Weobley is in an entirely rural location, north-west of Hereford and south-west of Leominster. It occupies the small shallow valley of the little Marl Brook in the northern lower dip slope of Burton Hill, overlooking the valley of the Newbridge Brook which is a sub-tributary of the River Arrow.
The surrounding countryside is mostly farmland, with a few small named ancient woods. However, to the south the deer park of Garnstone Castle separates the settlement from the wooded heights of Burton Hill. The “castle” was a castellated mansion, an important design by John Nash 1807, which was demolished in 1959. Ornamental plantings for it survive, notably a row of Sequoiadendron giganteum trees which includes a monumental specimen of girth.
Weobley Marsh is a separate hamlet to the east, grouped around an area of ancient common land and traditionally a haunt of witches.
To the west is the ancient farmstead of The Ley, with a Grade-I listed farmhouse dating to 1589.
The underlying geology comprises the Raglan Mudstone Formation of the Lower Old Red Sandstone. The soils are argillic brown earths, of high fertility.

Layout

The historical layout of the settlement, on which the majority of the old buildings stand, is in the form of an inverted T. The crossbar of the T is the High Street, and the stem is the funnel-shaped mediaeval marketplace comprising a triangular area abutting the High Street and extended to the north by the aptly-named Broad Street.
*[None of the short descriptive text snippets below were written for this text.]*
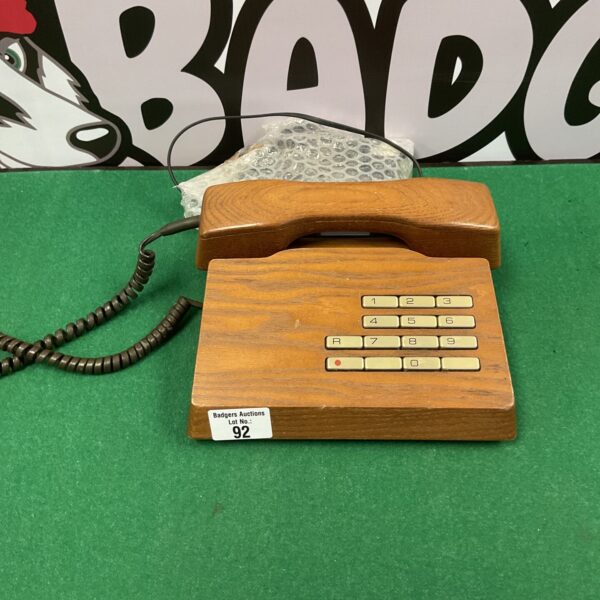 Vintage G Feller Trub wooden telephone with rotary dial.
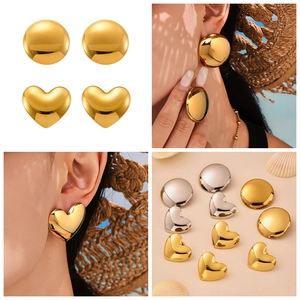 Close-up of heart-shaped and domed stud earrings with a high-shine metallic finish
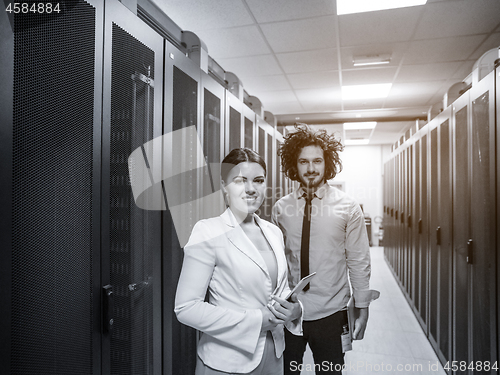 Image of engineer showing working data center server room to female chief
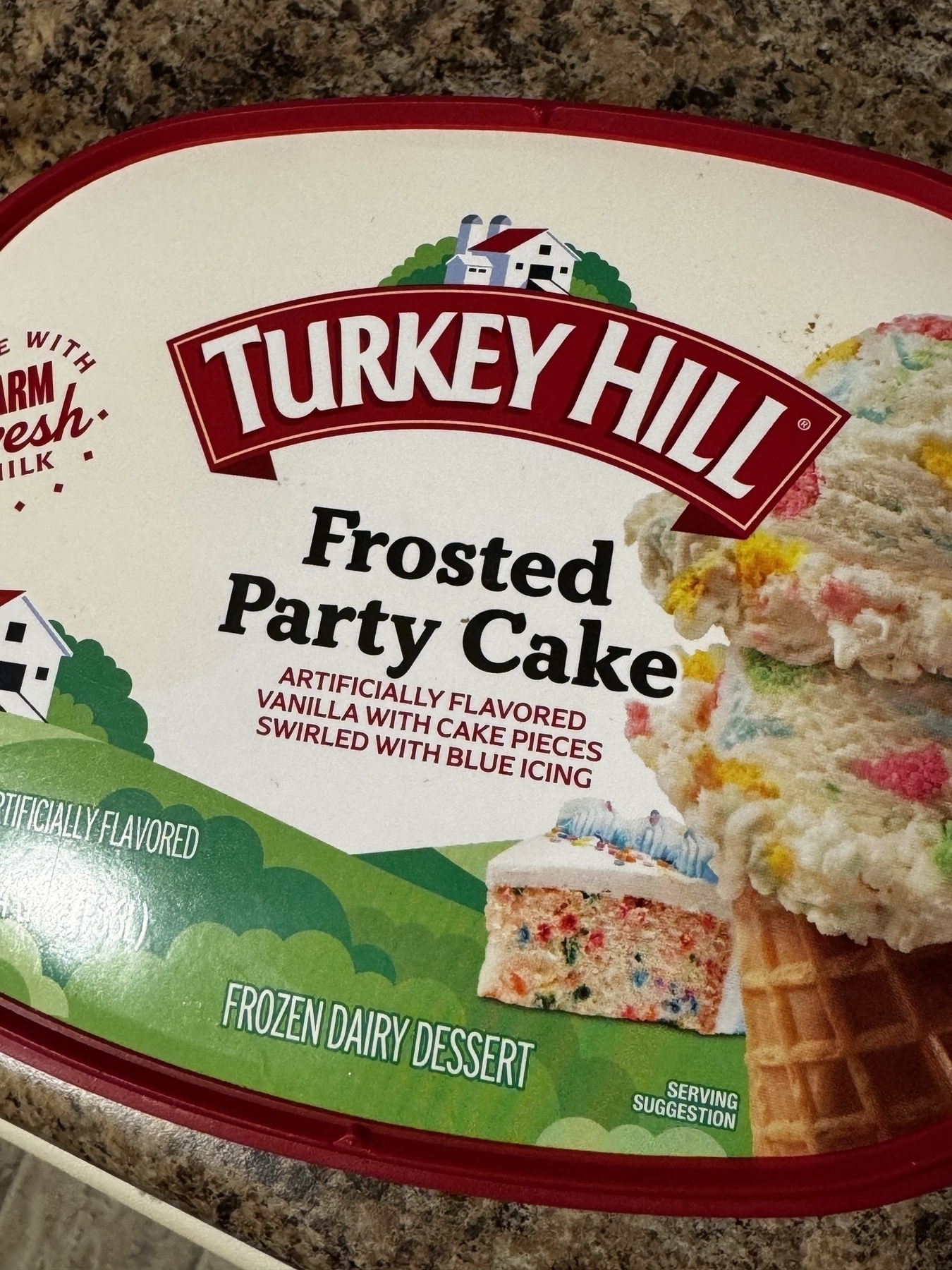 Container of Turkey Hill Frosted Party Cake flavored frozen dairy dessert with an image of the product on the label.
The triangle used to have a row of infill buildings, but these were demolished in the mid 20th century and replaced by a small urban park called the Rose Garden. The west side of the former marketplace is called Portland Street, and the south side is Market Pitch.
To the south of the High Street is the site of a mediaeval castle, but this has no civic presence. It abuts the Garnstone deer-park, and is described as a ring and bailey. The track leading to it from the High Street is flanked by an avenue of oaks planted in 1837 to mark the accession of Queen Victoria.
From towards the east end of the High Street, and running to the east of the castle, is the Hereford Road. This was originally a turnpike road to Hereford, but is now just a country lane.
At the north end of Broad Street, Bell Square runs to the west with more old buildings, then turns to the north-west as Meadow Street to become the road to Kington. Bell Square is very wide for a street, and has been suggested as the core of the pre-13th century village arranged around an early marketplace or small village green.
The west end of the High Street turns south then west as Mill Bank, named after an impressive mid 19th century brick corn mill but formerly known as Chamber Walk, and this becomes the B4230 road to Hereford. The mill is Grade II listed.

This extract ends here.